ROMA, 6 dicembre 2010 - IDEALI E BENE del paese vanno tenuti in considerazione, ma è probabile che decine di parlamentari ora mettano al primo posto il loro interesse personale. Nella maggioranza qualcuno si chiede se, in caso di caduta di Berlusconi, dovranno puntare sul prolungamento della legislatura con governi d’emergenza o rassegnarsi a lasciare il seggio nell’incertezza di poterlo rioccupare, rischiando anche di dire addio alla politica senza il beneficio di una pensione seppur più modesta di quelle del passato.

Sono 345 i parlamentari (240 deputati e 105 senatori) che in caso di scioglimento delle Camere non riceverebbero un euro di pensione per colpa, o merito, di una recente legge che vincola il vitalizio a 5 anni di mandato, anche se in legislature diverse, mentre prima bastava superare la soglia dei «2 anni, 6 mesi e un giorno» di una sola legislatura.

Tra loro gente coi quattrini come Santo Versace o Michela Brambilla, o con posto sicuro come Brunetta e Scapagnini, il medico del premier, o il giurista Cazzola; anche altri, come l’attore Barbareschi, l’editore Ciarrapico, Lannutti dell’Adusfbef, la funzionaria Onu Contini, non dovrebbero avere problemi di cassa.

Ma su 345 c’è anche gente che ritroverebbe un lavoro remunerato se pure non al livello dello stipendio di parlamentare, come forse è il caso di alcune parlamentari suggerite dallo stesso premier o del Pd Boccuzzi che dovrebbe tornare alla Thyssen.

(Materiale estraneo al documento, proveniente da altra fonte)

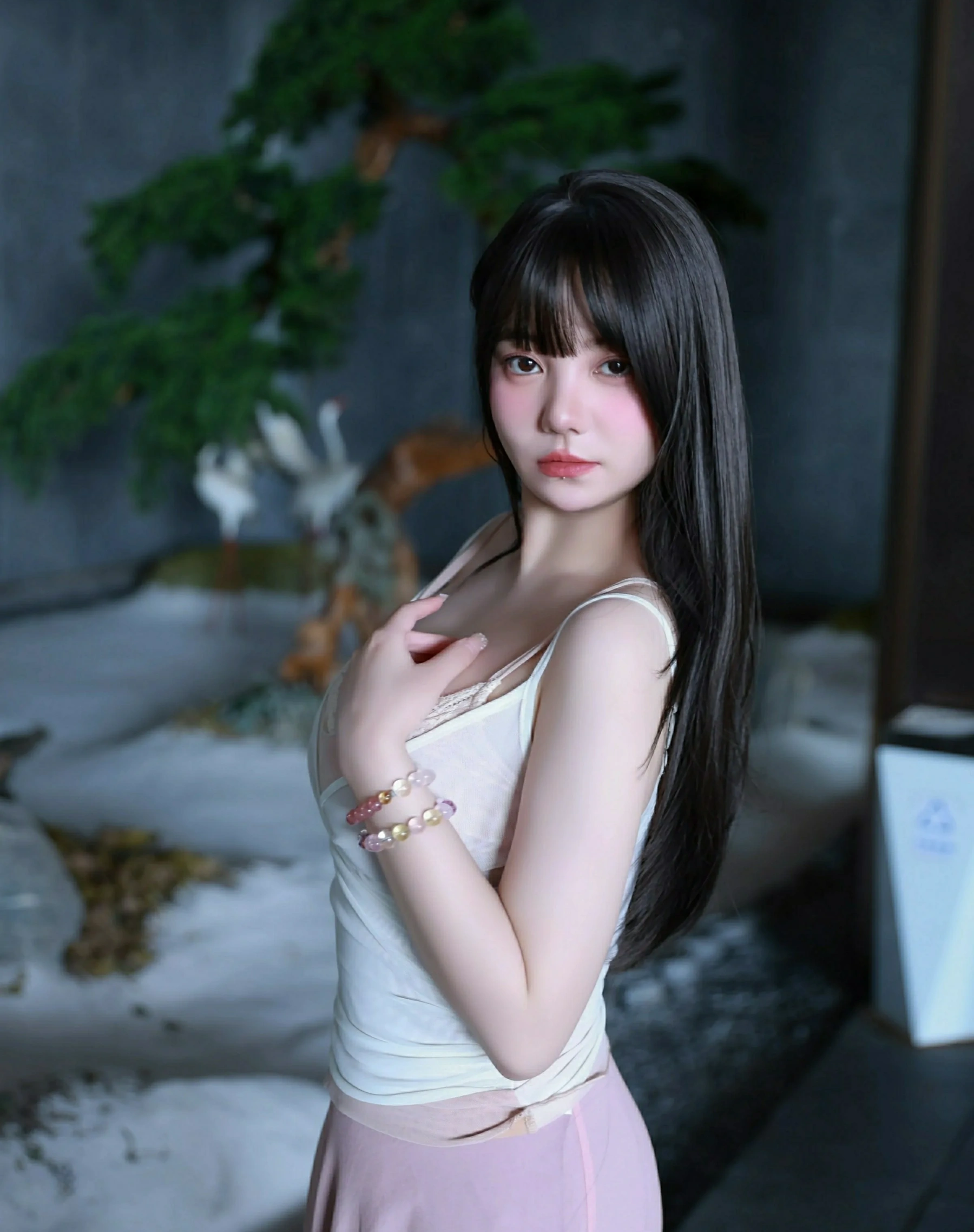 秀人网 No.10746 软情 [86P]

Davanti a un voto incerto, i parlamentari Pdl che rischiano la pensione sono 113 alla Camera e 40 al Senato. Più tranquilli i leghisti, ma pur sempre 44 e 12: tutti a sperare che Bossi li rimetta in lista. Ci sono anche 9 deputati Fli di prima nomina, tra loro Barbareschi e Granata. Alcuni, si mormora, si interrogano se dare il loro sostegno a un governo che porti avanti l’orologio di stipendio e pensione.

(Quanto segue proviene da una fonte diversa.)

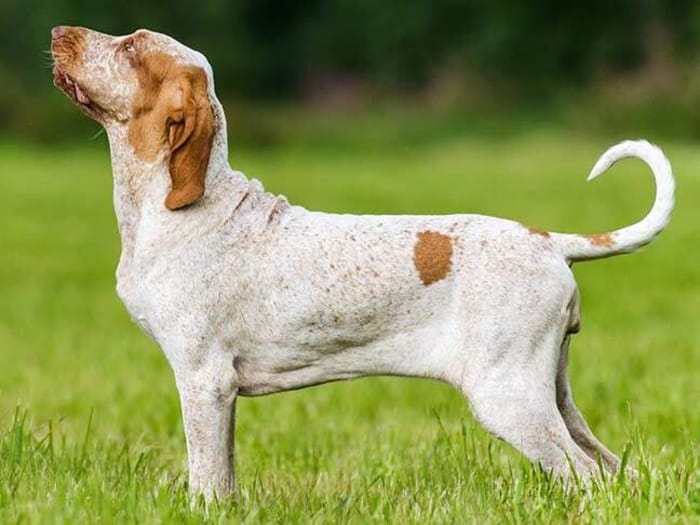 perros con orejas largas braco italiano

Ma è un problema anche per l’opposizione. Se per un cartello Udc, Fli, Api le incertezze elettorali sono tante, per i parlamentari del Pd le preoccupazioni la fanno da padrone (ora per di più sarebbe Bersani e non Veltroni a fare le liste): coi sondaggi che danno il Pd al 23% pochi tornerebbero a varcare gli amati portoni. Così Berlusconi lancia un occhio ai tremebondi della sua sponda, ma anche a quelli dell’opposizione.